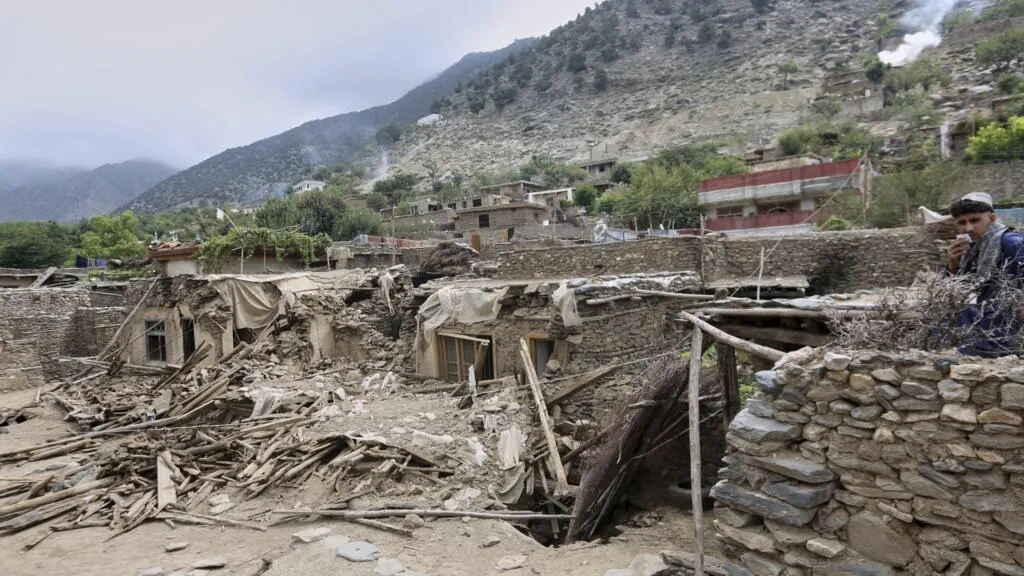 زلزله ۴.۴ ریشتری گیلان را لرزاند + جزئیات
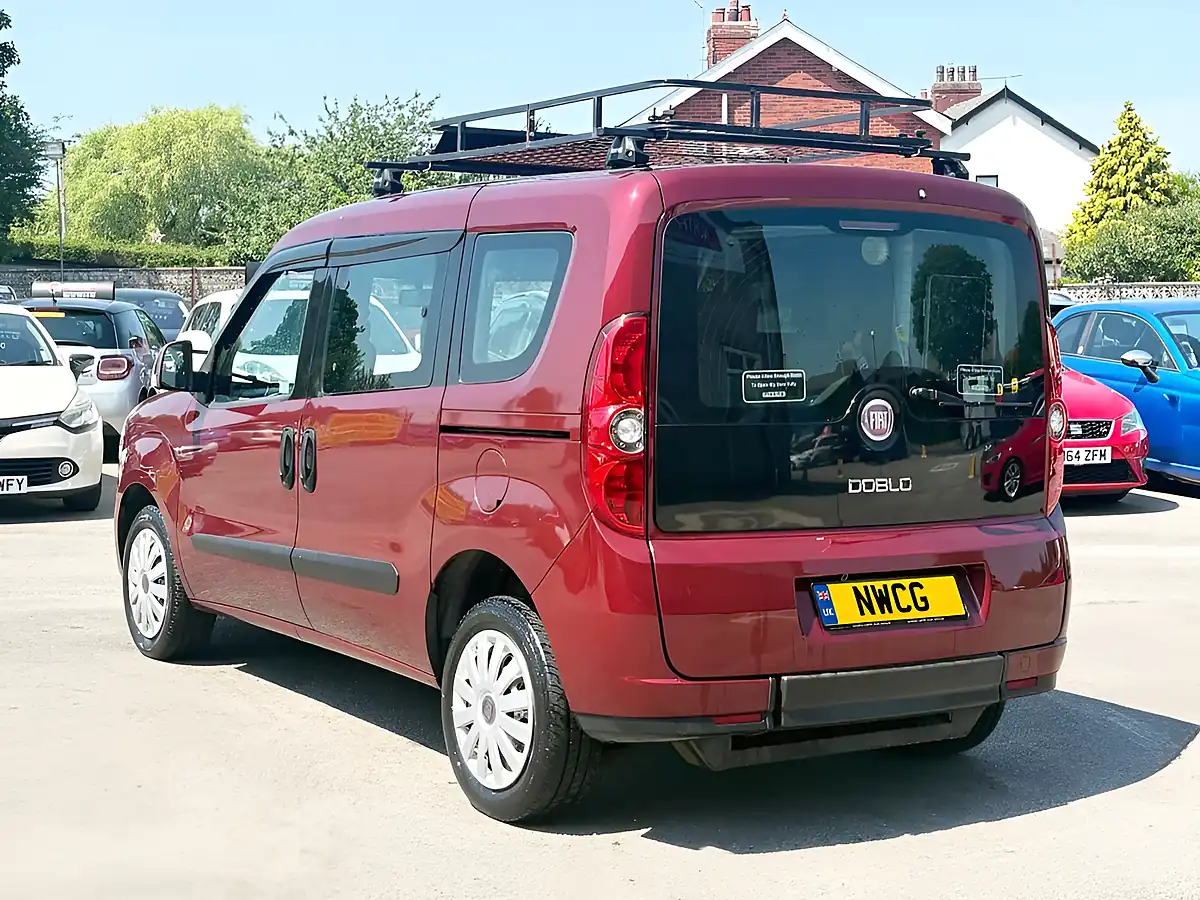 Used 2012 Fiat Doblo Active Red - Interior and Exterior details 3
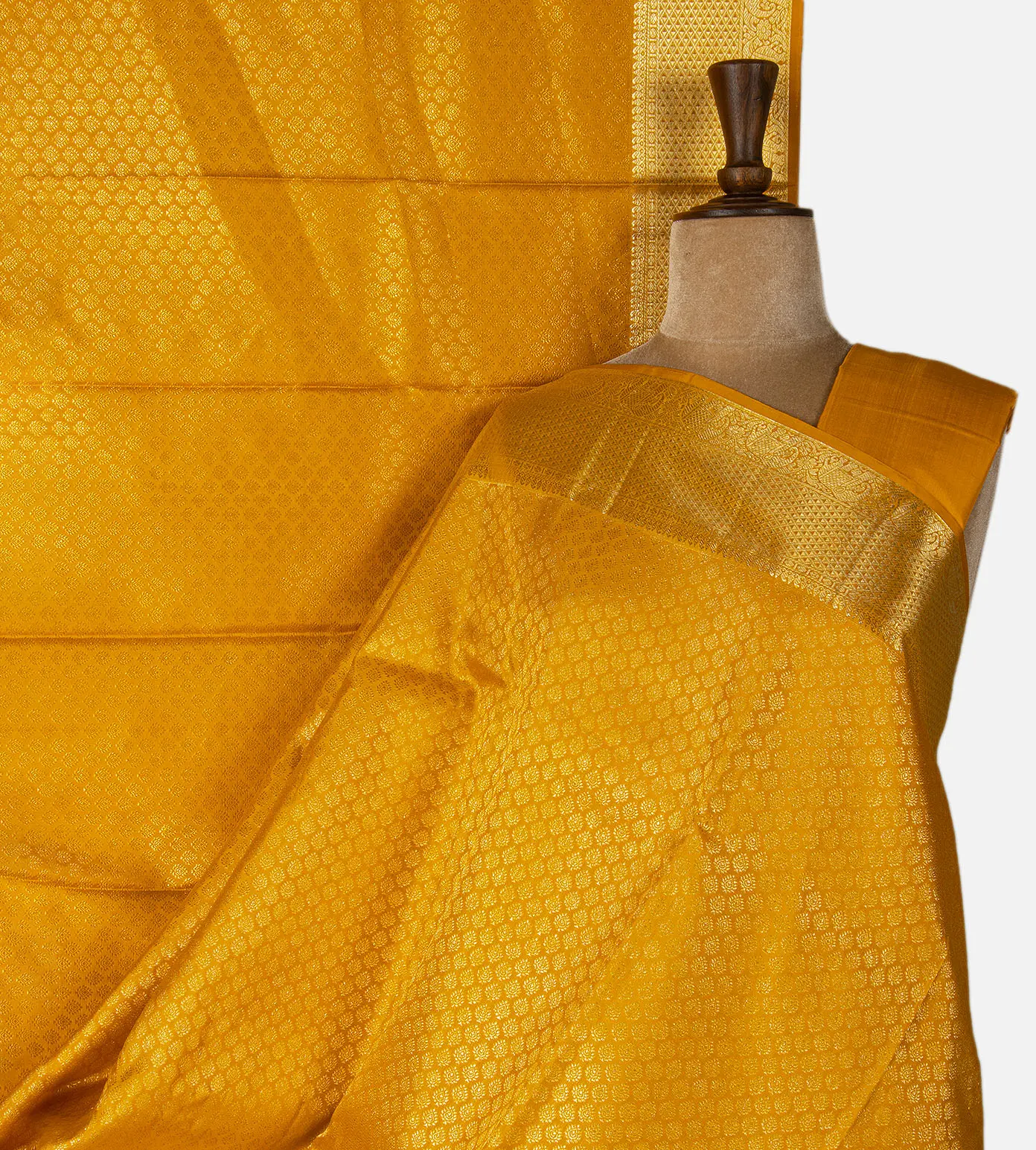 tangerine-yellow-kanchipuram-silk-saree-d0398643-a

-=-=-=-=-

What you have to do
Word for word, return the material above; the pictures stay out.

Written solution
 زلزله ۴.۴ ریشتری گیلان را لرزاند + جزئیات
 Used 2012 Fiat Doblo Active Red - Interior and Exterior details 3
 tangerine-yellow-kanchipuram-silk-saree-d0398643-a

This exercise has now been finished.